Some in the party reject this sort of fatalist shrug, and believe pursuing impeachment will further erode Trump’s already-weakened political standing by reminding voters of the scandals engulfing his presidency. Moreover, these Democrats say, lawmakers have a constitutional obligation to hold the president accountable.
“The way the administration keeps stonewalling, they have to do something,” said Mark Seymour, a lawyer from Concord.
Yet even as the debate intensifies among House Democrats over whether to go forward with a vote, which may prove difficult for vulnerable incumbents in districts where impeachment is unpopular, it has not been a contentious issue in the Democratic presidential primary.
Warren, who enjoyed a fundraising and polling surge after calling for impeachment following the release of Mueller’s report in April, does not routinely raise the topic, much less use it as a cudgel. And candidates like former Vice President Joe Biden and Sens. Kamala Harris, Bernie Sanders and Cory Booker are feuding more over their records and issues such as health care and criminal justice.

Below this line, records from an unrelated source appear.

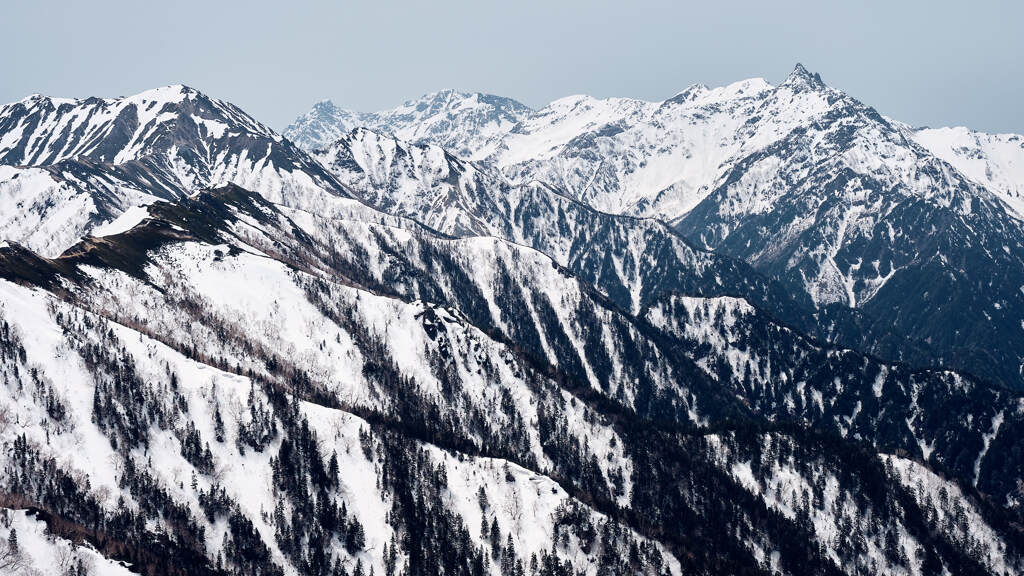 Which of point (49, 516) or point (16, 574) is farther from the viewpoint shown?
point (49, 516)

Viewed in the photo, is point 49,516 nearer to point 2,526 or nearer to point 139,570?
point 2,526

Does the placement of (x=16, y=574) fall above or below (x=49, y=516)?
below

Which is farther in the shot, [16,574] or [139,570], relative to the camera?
[139,570]

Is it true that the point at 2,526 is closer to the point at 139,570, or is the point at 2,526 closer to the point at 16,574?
the point at 16,574

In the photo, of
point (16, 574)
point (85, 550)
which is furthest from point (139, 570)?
point (16, 574)

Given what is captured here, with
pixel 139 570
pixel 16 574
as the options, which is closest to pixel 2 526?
pixel 16 574

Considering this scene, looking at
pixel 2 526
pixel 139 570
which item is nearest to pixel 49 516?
pixel 2 526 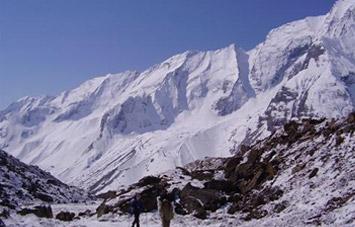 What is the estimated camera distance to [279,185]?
43.7m

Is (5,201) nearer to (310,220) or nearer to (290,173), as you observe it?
(290,173)

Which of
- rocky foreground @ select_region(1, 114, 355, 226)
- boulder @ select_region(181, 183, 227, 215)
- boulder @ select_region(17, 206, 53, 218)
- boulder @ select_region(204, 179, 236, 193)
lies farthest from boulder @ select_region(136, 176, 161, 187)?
boulder @ select_region(17, 206, 53, 218)

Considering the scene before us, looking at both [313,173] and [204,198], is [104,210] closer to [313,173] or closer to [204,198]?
[204,198]

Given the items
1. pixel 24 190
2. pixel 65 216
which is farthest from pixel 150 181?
pixel 24 190

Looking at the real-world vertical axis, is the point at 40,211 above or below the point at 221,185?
below

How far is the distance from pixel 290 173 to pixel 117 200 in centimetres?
1550

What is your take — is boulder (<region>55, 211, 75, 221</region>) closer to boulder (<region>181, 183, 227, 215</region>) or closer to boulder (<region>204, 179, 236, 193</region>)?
boulder (<region>181, 183, 227, 215</region>)

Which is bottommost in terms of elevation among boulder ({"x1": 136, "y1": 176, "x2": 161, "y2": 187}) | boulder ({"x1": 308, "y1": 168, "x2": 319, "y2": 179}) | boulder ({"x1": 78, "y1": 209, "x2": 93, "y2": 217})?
boulder ({"x1": 308, "y1": 168, "x2": 319, "y2": 179})

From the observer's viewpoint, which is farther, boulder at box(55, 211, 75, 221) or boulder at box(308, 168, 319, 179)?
boulder at box(55, 211, 75, 221)

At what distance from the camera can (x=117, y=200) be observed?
2101 inches

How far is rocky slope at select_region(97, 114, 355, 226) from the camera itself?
3425cm

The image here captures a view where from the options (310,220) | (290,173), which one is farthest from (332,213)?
(290,173)

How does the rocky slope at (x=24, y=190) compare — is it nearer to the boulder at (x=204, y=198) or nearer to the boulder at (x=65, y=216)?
the boulder at (x=65, y=216)

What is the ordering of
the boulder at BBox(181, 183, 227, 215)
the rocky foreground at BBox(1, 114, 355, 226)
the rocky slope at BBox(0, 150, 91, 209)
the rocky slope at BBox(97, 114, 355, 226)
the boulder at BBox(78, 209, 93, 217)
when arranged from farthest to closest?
the rocky slope at BBox(0, 150, 91, 209) → the boulder at BBox(78, 209, 93, 217) → the boulder at BBox(181, 183, 227, 215) → the rocky foreground at BBox(1, 114, 355, 226) → the rocky slope at BBox(97, 114, 355, 226) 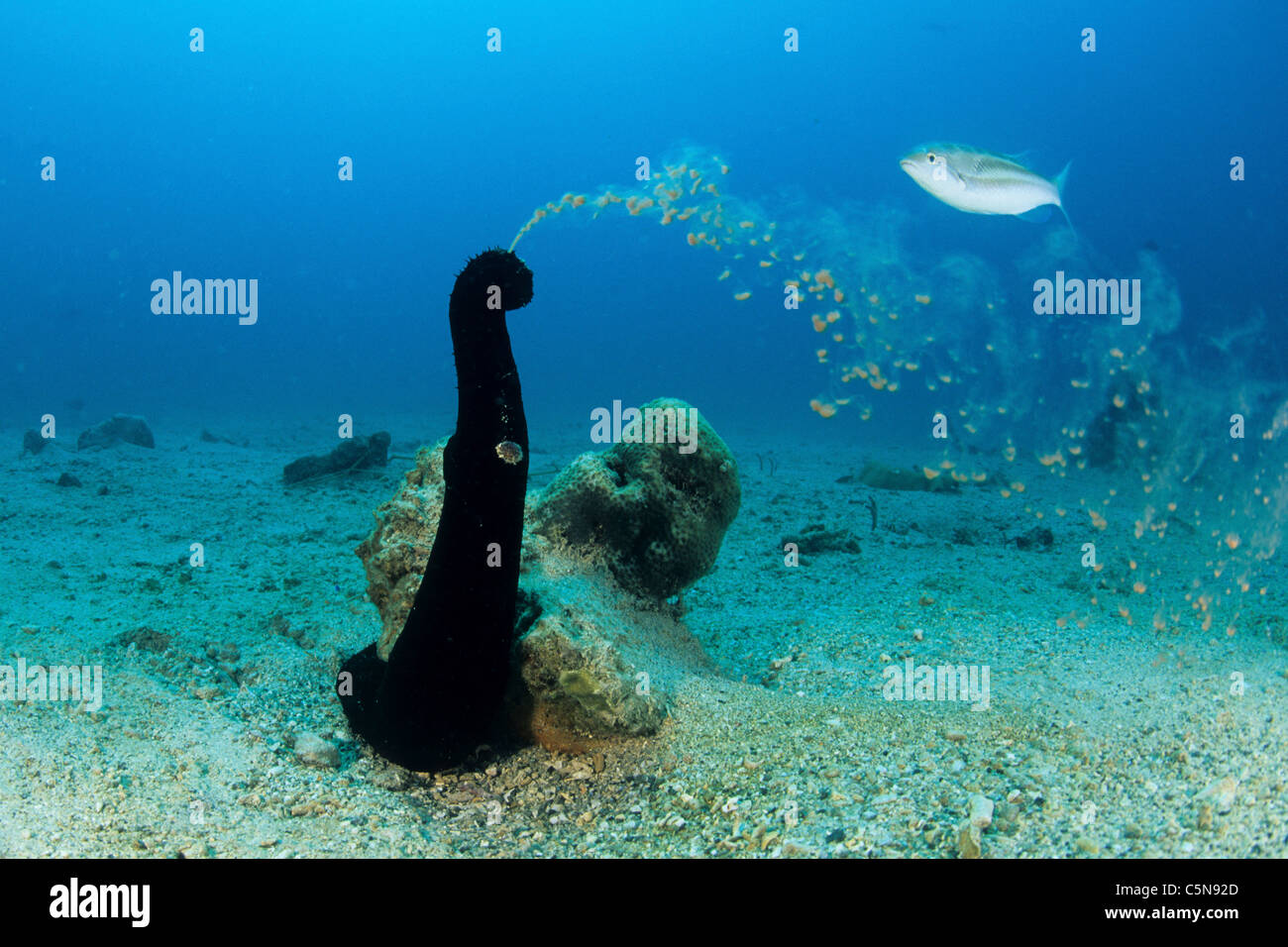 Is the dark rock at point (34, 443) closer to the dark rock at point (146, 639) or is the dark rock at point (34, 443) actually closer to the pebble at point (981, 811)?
the dark rock at point (146, 639)

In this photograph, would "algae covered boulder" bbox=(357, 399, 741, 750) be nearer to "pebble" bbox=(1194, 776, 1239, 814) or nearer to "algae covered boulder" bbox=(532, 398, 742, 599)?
"algae covered boulder" bbox=(532, 398, 742, 599)

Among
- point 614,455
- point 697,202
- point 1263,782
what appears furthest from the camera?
point 697,202

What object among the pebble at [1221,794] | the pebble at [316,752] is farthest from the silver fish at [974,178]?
the pebble at [316,752]

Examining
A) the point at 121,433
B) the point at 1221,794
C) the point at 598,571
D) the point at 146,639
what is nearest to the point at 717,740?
the point at 598,571

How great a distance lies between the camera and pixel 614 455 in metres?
5.28

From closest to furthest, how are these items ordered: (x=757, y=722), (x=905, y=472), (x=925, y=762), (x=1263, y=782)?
(x=1263, y=782) → (x=925, y=762) → (x=757, y=722) → (x=905, y=472)

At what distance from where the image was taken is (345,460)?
11789mm

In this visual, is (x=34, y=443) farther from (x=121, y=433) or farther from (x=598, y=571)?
(x=598, y=571)

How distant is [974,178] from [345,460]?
33.7ft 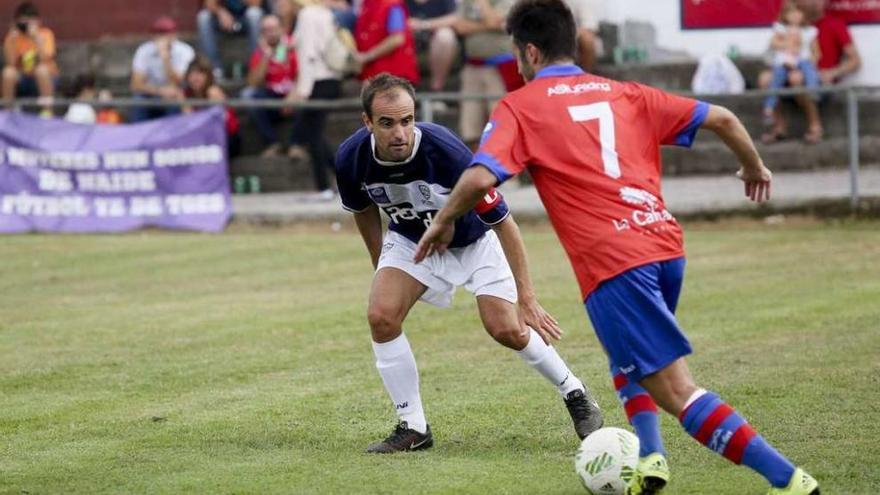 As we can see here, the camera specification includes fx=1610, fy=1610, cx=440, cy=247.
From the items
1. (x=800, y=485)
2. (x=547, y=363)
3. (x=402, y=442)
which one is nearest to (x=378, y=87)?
(x=547, y=363)

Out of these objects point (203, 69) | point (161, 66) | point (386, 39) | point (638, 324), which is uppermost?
point (638, 324)

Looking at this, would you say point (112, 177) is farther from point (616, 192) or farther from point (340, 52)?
point (616, 192)

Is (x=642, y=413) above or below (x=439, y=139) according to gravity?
below

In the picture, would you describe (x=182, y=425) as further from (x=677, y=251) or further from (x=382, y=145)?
(x=677, y=251)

Biden has stuck close to Pelosi, the House speaker, who has been deliberate in her approach and has irritated some on the left because of it. Yet the former vice president said in a radio interview this week that if Trump administration officials “continue to stonewall” Congress’ efforts to conduct oversight, the lawmakers will “have no choice but to file articles of impeachment.”
Tom Steyer, the billionaire Democratic donor, may have been able to nudge impeachment more to the center of the primary had he directed his money into advertisements pressuring Democrats to speak out, as he had hinted he might. But Steyer decided to enter the race himself instead and has so far used his ample resources on mailers that say little about impeachment and instead sound the same populist and progressive notes as others in the campaign (“Tom knows how to beat corporate power”).
And while a Politico/Morning Consult poll following Mueller’s appearance before Congress revealed that 64% of Democrats back impeachment and only 18% oppose it, there’s a difference between support and intensity.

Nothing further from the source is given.